Below are some records. Print exactly the lines between the one holding "Бебе яде лимони с усмивка" and the one holding "Residenssi Immaculate 4", inclusive, and nothing else.

# Data for this exercise
»»
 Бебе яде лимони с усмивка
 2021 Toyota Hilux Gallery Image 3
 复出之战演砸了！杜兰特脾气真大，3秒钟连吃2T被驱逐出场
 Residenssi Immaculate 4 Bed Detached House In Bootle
««
»»
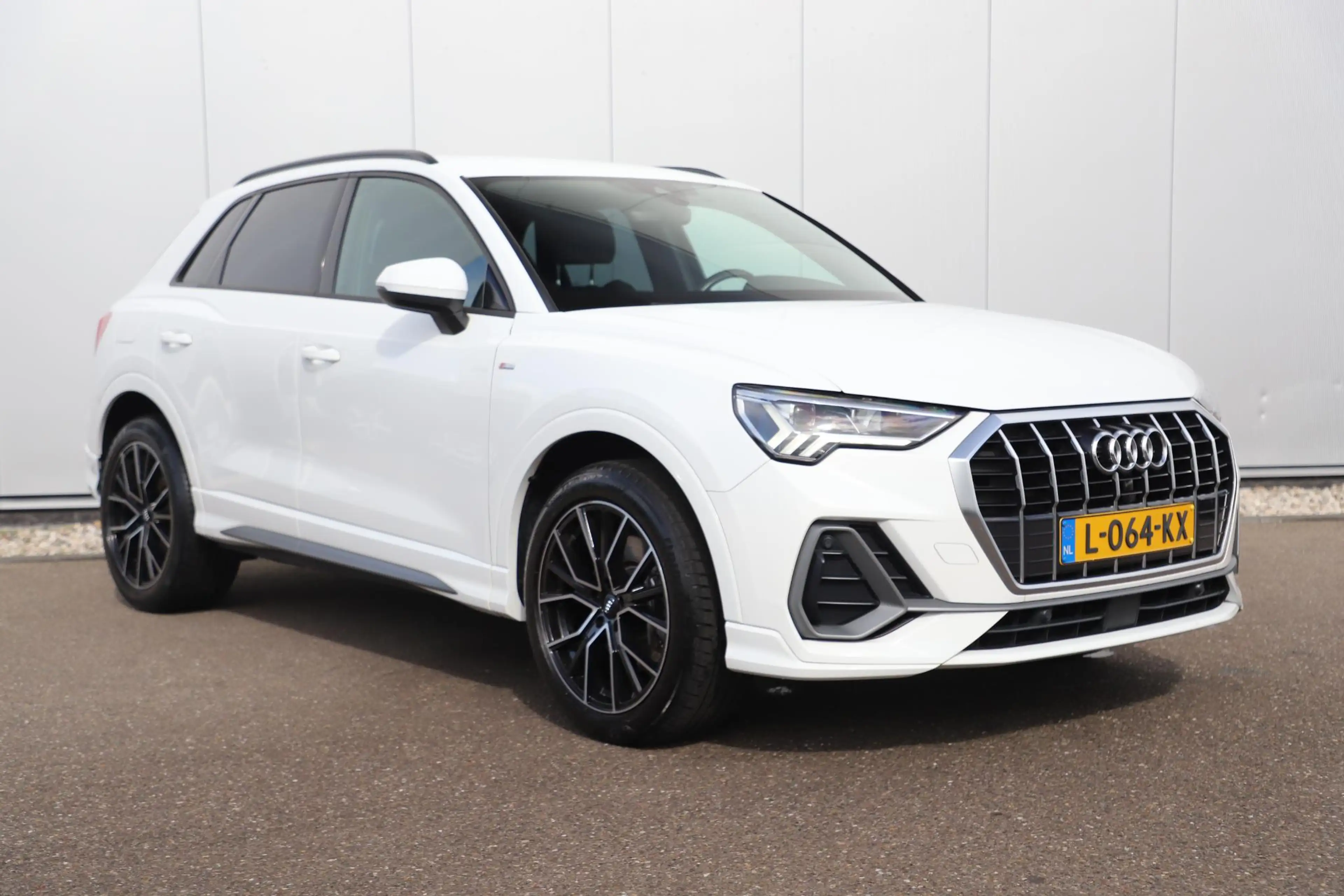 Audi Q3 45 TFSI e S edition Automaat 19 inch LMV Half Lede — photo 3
««
»»
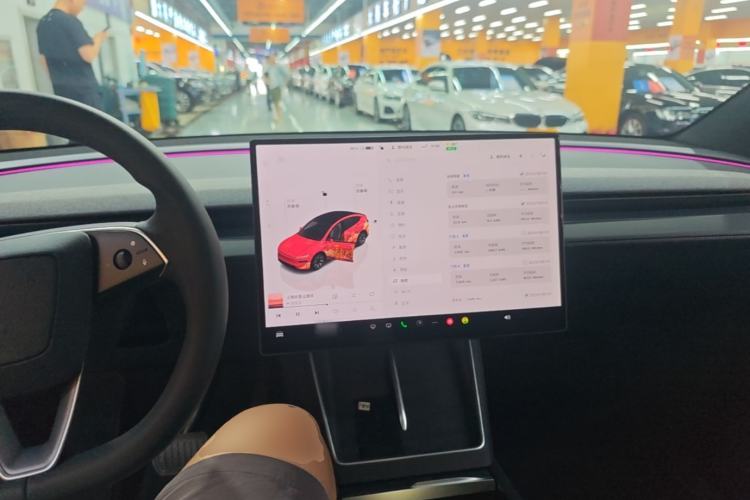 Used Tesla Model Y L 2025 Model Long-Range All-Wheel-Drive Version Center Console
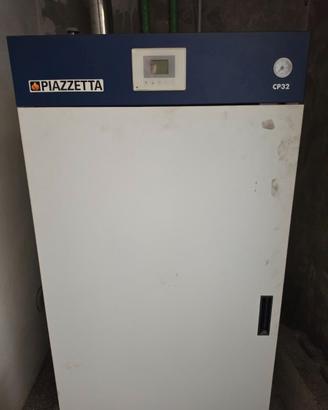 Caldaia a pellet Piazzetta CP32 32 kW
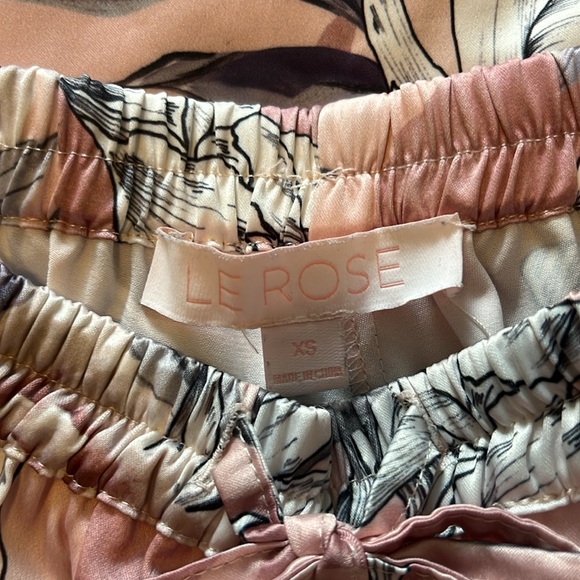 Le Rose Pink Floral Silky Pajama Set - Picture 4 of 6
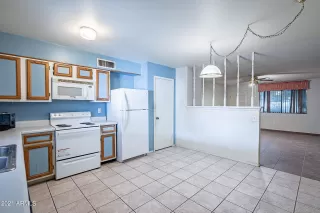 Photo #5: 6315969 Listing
««
# Output below
 Бебе яде лимони с усмивка
 2021 Toyota Hilux Gallery Image 3
 复出之战演砸了！杜兰特脾气真大，3秒钟连吃2T被驱逐出场
 Residenssi Immaculate 4 Bed Detached House In Bootle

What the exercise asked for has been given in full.